At first, I had to recognize the irony as I was reading this on one of my many social media outlets. Second, I had to recognize its truth.
Now don’t get me wrong, if anyone out there is a social media lover, it’s me. I’m a journalism major who wants to focus on public and media relations… a.k.a. I want to make social media my career. I strongly believe that technology and the fact that most of the world is “plugged in” all the time makes us more informed and aware of the world.
However I did consider what Mr. Glass had to say about technology dooming the spontaneity of adventure. The most recent adventure that I’ve had in my life was my three months spent in Spain. Most of the time, we weren’t able to access our Twitter newsfeeds or our Instagram filters whenever we wanted. When we finally would encounter a place that had WiFi, it was like we all disappeared for a second into our phones – uploading our recent pictures or sending messages back to family and friends via Facebook. A couple times I swear we had to snap each other out of our trances and remind each other that we were in some of the most beautiful places we’d ever be in our lives – GET OFF OF YOUR PHONE AND LOOK AROUND YOU, we’d have to remind ourselves.
So instead of getting lost in our phones, we decided to get lost in Spain. In fact, the most beautiful place I encountered abroad was because I lifted my head from my twitter feed and wandered off without Apple Maps or any other GPS app. Crazy, right?! Getting lost doesn’t always have to be a bad thing, and I think everyone needs to get lost a little bit more these days. It means finding your way, relying on yourself and others, and being able to give yourself a pat on the back when you find what you’re looking for.
This idea doesn’t only have to apply to study abroad trips in foreign countries. I’ve found that sometimes I’m missing out on family time or seeing something beautiful because my nose is basically touching my phone screen. I’ve even seen people run into things (poles, doors, etc.) because they were texting or refreshing Facebook. On a college campus, this is “normal.” But once you step outside of your college-kid bubble and travel across an ocean or across the world, you might just realize that landscapes and cathedrals look more beautiful up-close than through your iPhone’s camera.

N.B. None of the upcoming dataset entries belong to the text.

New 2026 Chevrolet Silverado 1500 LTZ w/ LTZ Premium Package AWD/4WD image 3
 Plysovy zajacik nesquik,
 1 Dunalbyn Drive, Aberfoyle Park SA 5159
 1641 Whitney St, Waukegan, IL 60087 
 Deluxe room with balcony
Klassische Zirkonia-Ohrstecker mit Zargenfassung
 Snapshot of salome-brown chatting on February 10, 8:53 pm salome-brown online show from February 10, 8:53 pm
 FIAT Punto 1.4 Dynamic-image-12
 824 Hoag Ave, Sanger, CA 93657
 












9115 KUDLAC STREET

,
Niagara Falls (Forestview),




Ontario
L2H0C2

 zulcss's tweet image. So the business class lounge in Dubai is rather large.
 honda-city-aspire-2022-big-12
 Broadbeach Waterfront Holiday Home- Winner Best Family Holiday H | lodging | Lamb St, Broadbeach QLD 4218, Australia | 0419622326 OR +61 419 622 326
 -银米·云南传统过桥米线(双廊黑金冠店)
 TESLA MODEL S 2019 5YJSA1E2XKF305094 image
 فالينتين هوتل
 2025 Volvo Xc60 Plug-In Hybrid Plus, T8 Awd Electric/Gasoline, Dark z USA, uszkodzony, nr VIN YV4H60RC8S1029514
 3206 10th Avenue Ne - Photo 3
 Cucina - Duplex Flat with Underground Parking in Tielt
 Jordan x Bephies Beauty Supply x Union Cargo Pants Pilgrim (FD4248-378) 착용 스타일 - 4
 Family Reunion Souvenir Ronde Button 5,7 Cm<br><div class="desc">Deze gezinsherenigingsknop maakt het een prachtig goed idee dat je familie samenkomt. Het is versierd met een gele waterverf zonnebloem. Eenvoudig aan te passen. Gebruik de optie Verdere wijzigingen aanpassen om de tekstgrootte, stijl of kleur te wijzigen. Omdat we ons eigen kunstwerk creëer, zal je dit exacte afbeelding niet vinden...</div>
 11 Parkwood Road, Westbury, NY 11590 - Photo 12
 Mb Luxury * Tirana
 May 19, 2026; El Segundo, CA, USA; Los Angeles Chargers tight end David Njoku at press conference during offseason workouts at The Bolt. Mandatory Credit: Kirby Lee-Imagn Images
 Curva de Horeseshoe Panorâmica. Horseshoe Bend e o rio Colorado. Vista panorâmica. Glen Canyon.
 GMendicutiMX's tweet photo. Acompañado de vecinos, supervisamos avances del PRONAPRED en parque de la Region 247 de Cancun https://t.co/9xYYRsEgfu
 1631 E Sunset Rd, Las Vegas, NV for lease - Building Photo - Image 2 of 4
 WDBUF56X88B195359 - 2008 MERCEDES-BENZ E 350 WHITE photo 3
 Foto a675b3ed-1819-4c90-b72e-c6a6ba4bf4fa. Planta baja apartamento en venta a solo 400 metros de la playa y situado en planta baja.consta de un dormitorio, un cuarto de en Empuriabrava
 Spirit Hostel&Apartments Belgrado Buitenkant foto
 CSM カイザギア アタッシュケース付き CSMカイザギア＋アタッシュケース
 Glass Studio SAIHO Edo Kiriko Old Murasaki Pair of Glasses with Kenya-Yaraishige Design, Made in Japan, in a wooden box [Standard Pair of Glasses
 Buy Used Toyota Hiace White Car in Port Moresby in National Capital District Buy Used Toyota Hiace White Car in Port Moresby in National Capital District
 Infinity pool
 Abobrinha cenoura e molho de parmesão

I know, I know, we are the social media generation. Our cell phones are permanently attached to our hands and separation causes anxiety. But I’m telling you, set your phone down. Turn if off even (I know, this is craziness). Look around you. Interact with your friends instead of tweeting at them. Call your mom on the phone to hear her voice instead of just sending a text. Life is so beautiful, and so short. Enjoy every second of it. No Instagram filter needed.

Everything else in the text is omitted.